### Task to carry out:
What follows are records. Restate all of them word for word.

....

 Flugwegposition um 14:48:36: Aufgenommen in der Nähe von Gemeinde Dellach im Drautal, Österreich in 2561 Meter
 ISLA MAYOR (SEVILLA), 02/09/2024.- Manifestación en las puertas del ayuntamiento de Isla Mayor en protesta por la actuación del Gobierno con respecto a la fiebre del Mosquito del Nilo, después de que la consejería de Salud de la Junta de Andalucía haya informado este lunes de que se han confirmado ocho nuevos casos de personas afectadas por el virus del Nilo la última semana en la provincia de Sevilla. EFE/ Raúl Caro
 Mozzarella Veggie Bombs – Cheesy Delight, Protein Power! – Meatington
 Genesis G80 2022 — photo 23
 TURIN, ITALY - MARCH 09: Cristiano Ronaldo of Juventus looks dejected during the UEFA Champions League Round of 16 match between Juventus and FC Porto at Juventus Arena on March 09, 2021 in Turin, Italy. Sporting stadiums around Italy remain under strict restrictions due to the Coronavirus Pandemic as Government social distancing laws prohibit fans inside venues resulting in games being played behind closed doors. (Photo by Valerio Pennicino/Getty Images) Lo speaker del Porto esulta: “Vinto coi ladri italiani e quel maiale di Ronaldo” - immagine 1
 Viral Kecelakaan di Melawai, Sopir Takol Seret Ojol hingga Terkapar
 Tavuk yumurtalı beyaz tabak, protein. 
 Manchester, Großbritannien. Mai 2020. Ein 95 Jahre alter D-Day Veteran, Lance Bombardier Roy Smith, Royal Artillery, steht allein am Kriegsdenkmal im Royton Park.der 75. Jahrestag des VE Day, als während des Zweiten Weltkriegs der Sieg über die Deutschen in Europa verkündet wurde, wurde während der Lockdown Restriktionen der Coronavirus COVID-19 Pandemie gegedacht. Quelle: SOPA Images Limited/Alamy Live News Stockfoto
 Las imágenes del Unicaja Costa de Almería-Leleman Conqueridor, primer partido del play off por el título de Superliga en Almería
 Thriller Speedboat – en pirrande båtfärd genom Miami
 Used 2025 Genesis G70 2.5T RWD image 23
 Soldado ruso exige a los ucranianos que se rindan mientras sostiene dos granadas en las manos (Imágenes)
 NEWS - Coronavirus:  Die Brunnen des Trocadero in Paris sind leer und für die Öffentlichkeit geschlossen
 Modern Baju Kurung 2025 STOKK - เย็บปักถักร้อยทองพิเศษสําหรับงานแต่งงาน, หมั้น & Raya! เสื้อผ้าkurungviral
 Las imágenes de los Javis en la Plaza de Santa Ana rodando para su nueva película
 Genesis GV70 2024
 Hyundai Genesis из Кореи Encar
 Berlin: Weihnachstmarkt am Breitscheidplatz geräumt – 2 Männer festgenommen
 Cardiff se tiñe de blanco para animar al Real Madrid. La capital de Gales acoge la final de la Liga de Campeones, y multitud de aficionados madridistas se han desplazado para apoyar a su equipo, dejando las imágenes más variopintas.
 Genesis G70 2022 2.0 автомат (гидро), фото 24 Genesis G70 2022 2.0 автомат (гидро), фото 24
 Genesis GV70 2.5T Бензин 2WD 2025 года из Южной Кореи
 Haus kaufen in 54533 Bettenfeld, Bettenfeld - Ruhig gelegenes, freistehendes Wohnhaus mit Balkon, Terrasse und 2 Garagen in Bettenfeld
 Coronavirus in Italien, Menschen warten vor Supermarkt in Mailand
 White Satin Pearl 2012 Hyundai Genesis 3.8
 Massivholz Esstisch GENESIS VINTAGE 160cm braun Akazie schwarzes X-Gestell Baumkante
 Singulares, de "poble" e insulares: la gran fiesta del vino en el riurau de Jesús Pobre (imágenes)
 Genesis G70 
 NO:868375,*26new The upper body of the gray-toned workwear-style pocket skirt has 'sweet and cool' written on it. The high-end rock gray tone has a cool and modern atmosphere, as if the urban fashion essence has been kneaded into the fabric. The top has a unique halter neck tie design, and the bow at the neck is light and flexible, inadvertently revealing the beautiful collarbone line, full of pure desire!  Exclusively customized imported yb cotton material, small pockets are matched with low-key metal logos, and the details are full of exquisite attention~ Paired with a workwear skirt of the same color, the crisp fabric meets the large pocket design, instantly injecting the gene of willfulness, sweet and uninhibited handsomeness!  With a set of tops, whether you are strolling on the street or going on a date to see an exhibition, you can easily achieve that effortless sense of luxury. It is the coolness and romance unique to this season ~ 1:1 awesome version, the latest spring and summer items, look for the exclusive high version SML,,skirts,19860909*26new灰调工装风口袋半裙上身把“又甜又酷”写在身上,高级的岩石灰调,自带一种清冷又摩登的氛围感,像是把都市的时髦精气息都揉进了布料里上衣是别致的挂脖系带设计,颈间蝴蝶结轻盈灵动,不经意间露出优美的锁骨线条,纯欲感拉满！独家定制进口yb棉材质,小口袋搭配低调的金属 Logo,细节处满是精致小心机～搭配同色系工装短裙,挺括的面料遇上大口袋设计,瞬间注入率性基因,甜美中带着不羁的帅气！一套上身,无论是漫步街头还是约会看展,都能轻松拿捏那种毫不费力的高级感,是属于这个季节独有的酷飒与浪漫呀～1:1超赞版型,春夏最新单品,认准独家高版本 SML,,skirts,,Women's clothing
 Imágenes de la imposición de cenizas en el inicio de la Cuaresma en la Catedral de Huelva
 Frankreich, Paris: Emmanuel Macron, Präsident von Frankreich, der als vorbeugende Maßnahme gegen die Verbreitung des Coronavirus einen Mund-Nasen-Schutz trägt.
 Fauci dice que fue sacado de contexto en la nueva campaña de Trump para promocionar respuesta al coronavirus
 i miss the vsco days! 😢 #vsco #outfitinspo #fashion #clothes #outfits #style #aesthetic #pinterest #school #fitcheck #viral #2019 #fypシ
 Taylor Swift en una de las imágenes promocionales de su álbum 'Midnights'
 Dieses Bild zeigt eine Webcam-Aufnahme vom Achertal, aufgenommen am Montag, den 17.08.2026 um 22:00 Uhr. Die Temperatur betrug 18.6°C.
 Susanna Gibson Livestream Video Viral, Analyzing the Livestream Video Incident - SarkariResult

....

### The completed task:
 Flugwegposition um 14:48:36: Aufgenommen in der Nähe von Gemeinde Dellach im Drautal, Österreich in 2561 Meter
 ISLA MAYOR (SEVILLA), 02/09/2024.- Manifestación en las puertas del ayuntamiento de Isla Mayor en protesta por la actuación del Gobierno con respecto a la fiebre del Mosquito del Nilo, después de que la consejería de Salud de la Junta de Andalucía haya informado este lunes de que se han confirmado ocho nuevos casos de personas afectadas por el virus del Nilo la última semana en la provincia de Sevilla. EFE/ Raúl Caro
 Mozzarella Veggie Bombs – Cheesy Delight, Protein Power! – Meatington
 Genesis G80 2022 — photo 23
 TURIN, ITALY - MARCH 09: Cristiano Ronaldo of Juventus looks dejected during the UEFA Champions League Round of 16 match between Juventus and FC Porto at Juventus Arena on March 09, 2021 in Turin, Italy. Sporting stadiums around Italy remain under strict restrictions due to the Coronavirus Pandemic as Government social distancing laws prohibit fans inside venues resulting in games being played behind closed doors. (Photo by Valerio Pennicino/Getty Images) Lo speaker del Porto esulta: “Vinto coi ladri italiani e quel maiale di Ronaldo” - immagine 1
 Viral Kecelakaan di Melawai, Sopir Takol Seret Ojol hingga Terkapar
 Tavuk yumurtalı beyaz tabak, protein. 
 Manchester, Großbritannien. Mai 2020. Ein 95 Jahre alter D-Day Veteran, Lance Bombardier Roy Smith, Royal Artillery, steht allein am Kriegsdenkmal im Royton Park.der 75. Jahrestag des VE Day, als während des Zweiten Weltkriegs der Sieg über die Deutschen in Europa verkündet wurde, wurde während der Lockdown Restriktionen der Coronavirus COVID-19 Pandemie gegedacht. Quelle: SOPA Images Limited/Alamy Live News Stockfoto
 Las imágenes del Unicaja Costa de Almería-Leleman Conqueridor, primer partido del play off por el título de Superliga en Almería
 Thriller Speedboat – en pirrande båtfärd genom Miami
 Used 2025 Genesis G70 2.5T RWD image 23
 Soldado ruso exige a los ucranianos que se rindan mientras sostiene dos granadas en las manos (Imágenes)
 NEWS - Coronavirus:  Die Brunnen des Trocadero in Paris sind leer und für die Öffentlichkeit geschlossen
 Modern Baju Kurung 2025 STOKK - เย็บปักถักร้อยทองพิเศษสําหรับงานแต่งงาน, หมั้น & Raya! เสื้อผ้าkurungviral
 Las imágenes de los Javis en la Plaza de Santa Ana rodando para su nueva película
 Genesis GV70 2024
 Hyundai Genesis из Кореи Encar
 Berlin: Weihnachstmarkt am Breitscheidplatz geräumt – 2 Männer festgenommen
 Cardiff se tiñe de blanco para animar al Real Madrid. La capital de Gales acoge la final de la Liga de Campeones, y multitud de aficionados madridistas se han desplazado para apoyar a su equipo, dejando las imágenes más variopintas.
 Genesis G70 2022 2.0 автомат (гидро), фото 24 Genesis G70 2022 2.0 автомат (гидро), фото 24
 Genesis GV70 2.5T Бензин 2WD 2025 года из Южной Кореи
 Haus kaufen in 54533 Bettenfeld, Bettenfeld - Ruhig gelegenes, freistehendes Wohnhaus mit Balkon, Terrasse und 2 Garagen in Bettenfeld
 Coronavirus in Italien, Menschen warten vor Supermarkt in Mailand
 White Satin Pearl 2012 Hyundai Genesis 3.8
 Massivholz Esstisch GENESIS VINTAGE 160cm braun Akazie schwarzes X-Gestell Baumkante
 Singulares, de "poble" e insulares: la gran fiesta del vino en el riurau de Jesús Pobre (imágenes)
 Genesis G70 
 NO:868375,*26new The upper body of the gray-toned workwear-style pocket skirt has 'sweet and cool' written on it. The high-end rock gray tone has a cool and modern atmosphere, as if the urban fashion essence has been kneaded into the fabric. The top has a unique halter neck tie design, and the bow at the neck is light and flexible, inadvertently revealing the beautiful collarbone line, full of pure desire!  Exclusively customized imported yb cotton material, small pockets are matched with low-key metal logos, and the details are full of exquisite attention~ Paired with a workwear skirt of the same color, the crisp fabric meets the large pocket design, instantly injecting the gene of willfulness, sweet and uninhibited handsomeness!  With a set of tops, whether you are strolling on the street or going on a date to see an exhibition, you can easily achieve that effortless sense of luxury. It is the coolness and romance unique to this season ~ 1:1 awesome version, the latest spring and summer items, look for the exclusive high version SML,,skirts,19860909*26new灰调工装风口袋半裙上身把“又甜又酷”写在身上,高级的岩石灰调,自带一种清冷又摩登的氛围感,像是把都市的时髦精气息都揉进了布料里上衣是别致的挂脖系带设计,颈间蝴蝶结轻盈灵动,不经意间露出优美的锁骨线条,纯欲感拉满！独家定制进口yb棉材质,小口袋搭配低调的金属 Logo,细节处满是精致小心机～搭配同色系工装短裙,挺括的面料遇上大口袋设计,瞬间注入率性基因,甜美中带着不羁的帅气！一套上身,无论是漫步街头还是约会看展,都能轻松拿捏那种毫不费力的高级感,是属于这个季节独有的酷飒与浪漫呀～1:1超赞版型,春夏最新单品,认准独家高版本 SML,,skirts,,Women's clothing
 Imágenes de la imposición de cenizas en el inicio de la Cuaresma en la Catedral de Huelva
 Frankreich, Paris: Emmanuel Macron, Präsident von Frankreich, der als vorbeugende Maßnahme gegen die Verbreitung des Coronavirus einen Mund-Nasen-Schutz trägt.
 Fauci dice que fue sacado de contexto en la nueva campaña de Trump para promocionar respuesta al coronavirus
 i miss the vsco days! 😢 #vsco #outfitinspo #fashion #clothes #outfits #style #aesthetic #pinterest #school #fitcheck #viral #2019 #fypシ
 Taylor Swift en una de las imágenes promocionales de su álbum 'Midnights'
 Dieses Bild zeigt eine Webcam-Aufnahme vom Achertal, aufgenommen am Montag, den 17.08.2026 um 22:00 Uhr. Die Temperatur betrug 18.6°C.
 Susanna Gibson Livestream Video Viral, Analyzing the Livestream Video Incident - SarkariResult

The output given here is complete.